In cinemas worldwide Aug 7

One to see… if you like your movies really horny: Teenage Sex and Death at Camp Miasma
After the David Lynch-meets-Buffy the Vampire Slayer psychedelic horror of 2024’s I Saw the TV Glow, director Jane Schoenbrun levels up yet again for their third film, a queer-themed fantasia starring Hacks’ Hannah Einbinder as a filmmaker hired to reboot a cult-classic slasher flick with the original movie’s reclusive final girl, played by Gillian Anderson. It’s a psychosexual satire that lives up to its killer trailer and invigorated an otherwise ho-hum Cannes.

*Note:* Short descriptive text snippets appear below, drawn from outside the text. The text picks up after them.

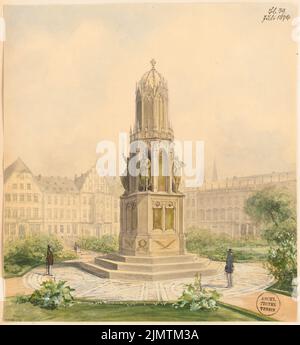 Unbekannter Architekt, gefallen in Erfurt. Monatlicher Wettbewerb Juli 1874 (07,1874): Perspektivansicht. Bleistift und Tinte Aquarell auf der Schachtel, 45,5 x 42,1 cm (einschließlich Scankanten) N.N. : Gefallendendenkmal, Erfurt. Monatskurrenz Juli 1874 Stockfoto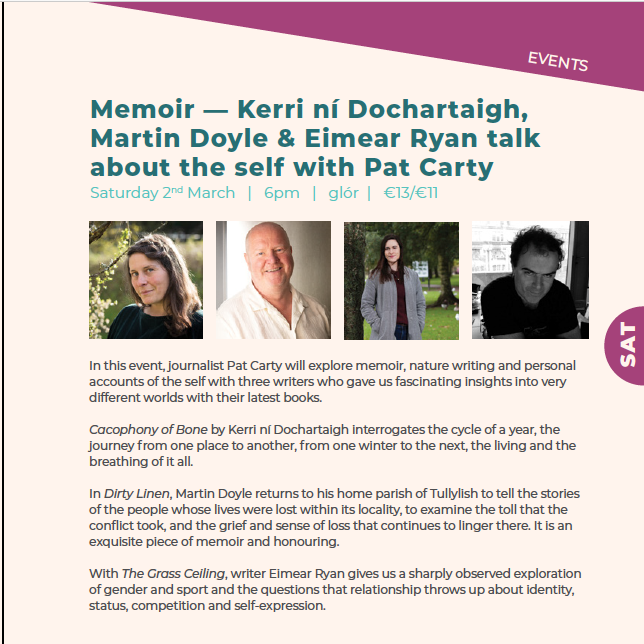 Talking about the self - as if I would - with @MartinDoyleIT @eimear_ryan & @kerri_ni @ebcf 2024 #ebcf2024
Full details and tickets at ennisbookclubfestival.com
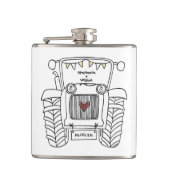 Gepersonaliseerde Tractor Land Huwelijkscadeau Heupfles (Voorkant)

In cinemas worldwide Aug 7

One to see… if you’re into The Twilight Zone: The End of Oak Street
David Robert Mitchell’s first film since 2018’s Under the Silver Lake has been shrouded in mystery for at least a year, with a vague logline promising an ’80s setting and ‘bizarre happenings’ in a suburban neighborhood, and Anne Hathaway and Ewan McGregor set to star. Unconfirmed rumors now suggest it involves time travel and dinosaurs. Whatever, man: between Silver Lake and the new horror classic It Follows, every new Mitchell project deserves anticipation.

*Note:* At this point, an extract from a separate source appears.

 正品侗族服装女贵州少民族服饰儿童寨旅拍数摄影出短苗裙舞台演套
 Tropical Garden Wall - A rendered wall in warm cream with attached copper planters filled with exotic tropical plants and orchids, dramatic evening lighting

In cinemas worldwide Aug 14

The one to see… if you have shares in Acme: Coyote vs Acme
A social media cause celebre after it was permanently shelved by Warner Brothers, this literal live-action Looney Tunes will finally see the light at the end of the painted tunnel thanks to Ketchup Entertainment, distributors of last year’s delightful The Day the Earth Blew Up. In an ingenious premise derived from a satirical New Yorker article, the beleaguered Wile E Coyote finally sues the Acme Corporation for the years of bodily harm they’ve caused him, with the never-not-funny Will Forte as his lawyer.

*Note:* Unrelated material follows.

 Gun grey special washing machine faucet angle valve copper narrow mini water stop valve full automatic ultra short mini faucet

In cinemas worldwide Aug 28

One to see… if you can’t get enough of dystopian epics: The Dog Stars
Ridley Scott goes post-apocalyptic with an adaptation of Peter Heller’s 2012 novel, set in a world ravaged by a flu-like virus. Jacob Elordi stars as a pilot hunkered down in Colorado alongside an ex-marine played by Josh Brolin. Sure, there’s been a lot of visions of dystopia in recent years, but you can’t argue with Scott directing, nor a cast that also includes Margaret Qualley and Guy Pearce.